I have a dataframe which looks like this:
dfB
name value country
benzene spice Australia
benzene spice Australia
benzene spice Australia
benzene herbs Australia
benzene herbs Americas
benzene anise Poland
methyl herbs
methyl herbs Americas
methyl spice Americas
alcohol spice Germany
alcohol spice Germany
I want to createa a different dataframe which is an aggregation of the country column, something like this:
dfB
name value country count
benzene spice Australia 3
benzene herbs Australia 1
benzene herbs Americas 1
benzene anise Poland 1
methyl herbs 1
methyl herbs Americas 1
methyl spice Americas 1
alcohol spice Germany 2
The idea is to aggregare the country column and create a count for the country column for each unique "name" and "value" combination. If there is a blank or Nan it should also he treated differently.
I tried using groupby:
grouped = dfB.groupby(["name", "value", "country"]).agg({"country": "count"})

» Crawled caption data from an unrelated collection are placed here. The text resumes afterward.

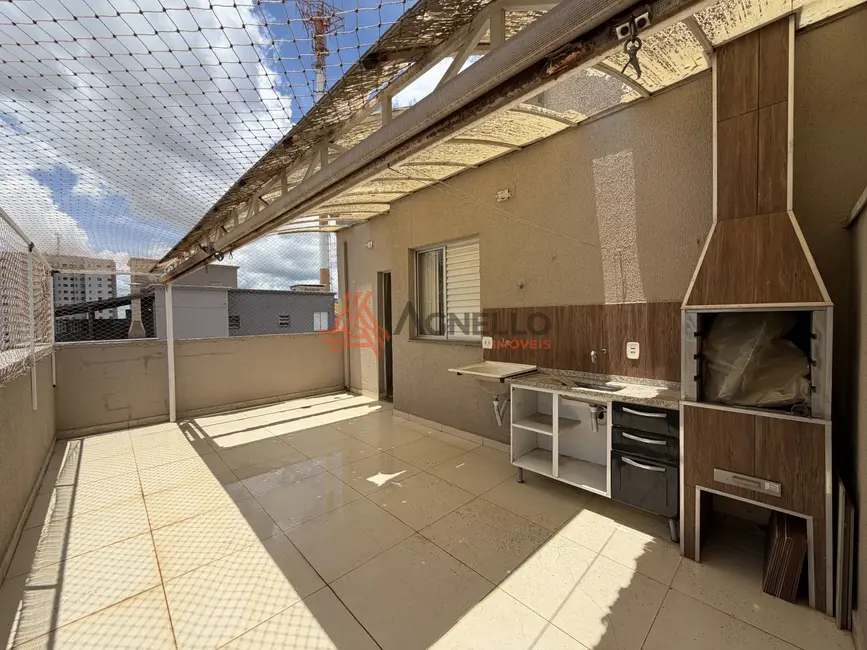 Apartamento com 2 quartos à venda, 81m2 em Núcleo Agrícola Alpha, Franca - SP - imagem 2 Foto 2 de Apartamento com 2 quartos à venda, 81m2 em Núcleo Agrícola Alpha, Franca - SP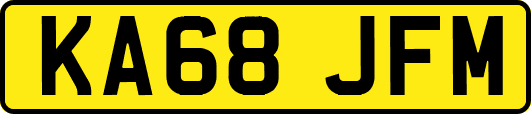 KA68JFM
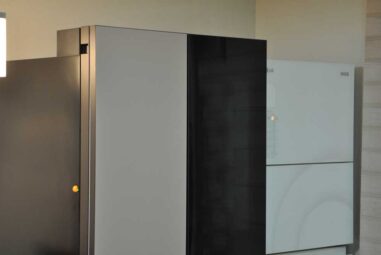 엘지 오브제 냉장고 설치 후기와 할인 가격 정리 (M872AAA551)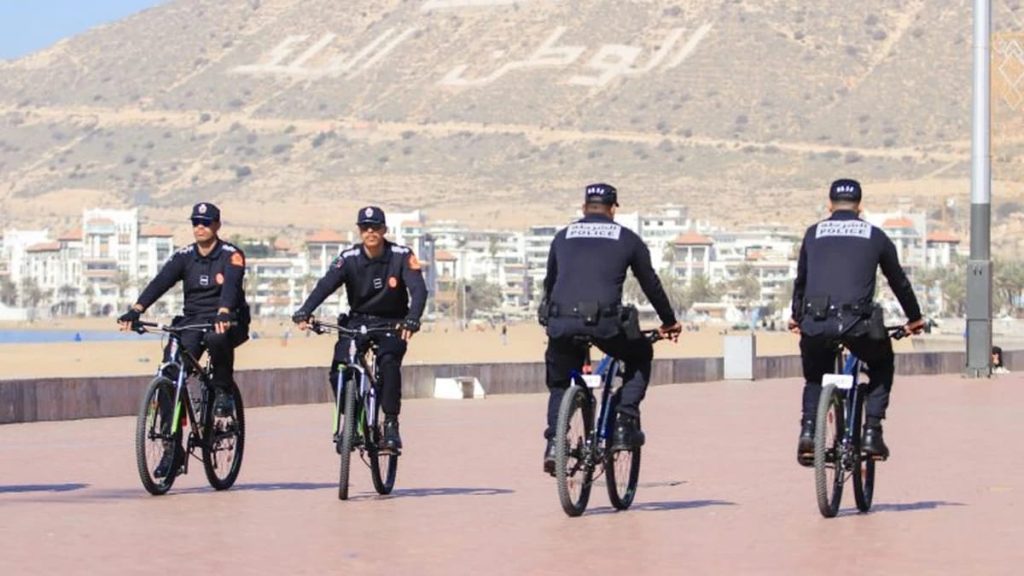 ولاية أمن أكادير تعلن عن خطتها الاستباقية لتأمين صيف 2026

but it does not seem to create the dataframe how I intend to. How can I do this?
Use value_counts
or groupby
to not modify order:
out = dfB.value_counts(["name", "value", "country"], sort=False, dropna=False) \
.rename('count').reset_index()
out.loc[out['country'].isna(), 'count'] = 1
out1 = dfB.groupby(["name", "value", "country"], sort=False, dropna=False) \
.size().reset_index(name='count')
out1.loc[out1['country'].isna(), 'count'] = 1
>>> out
name value country count
0 alcohol spice Germany 2
1 benzene anise Poland 1
2 benzene herbs Americas 1
3 benzene herbs Australia 1
4 benzene spice Australia 3
5 methyl herbs Americas 1
6 methyl herbs NaN 1
7 methyl spice Americas 1
>>> out1
name value country count
0 benzene spice Australia 3
1 benzene herbs Australia 1
2 benzene herbs Americas 1
3 benzene anise Poland 1
4 methyl herbs NaN 1
5 methyl herbs Americas 1
6 methyl spice Americas 1
7 alcohol spice Germany 2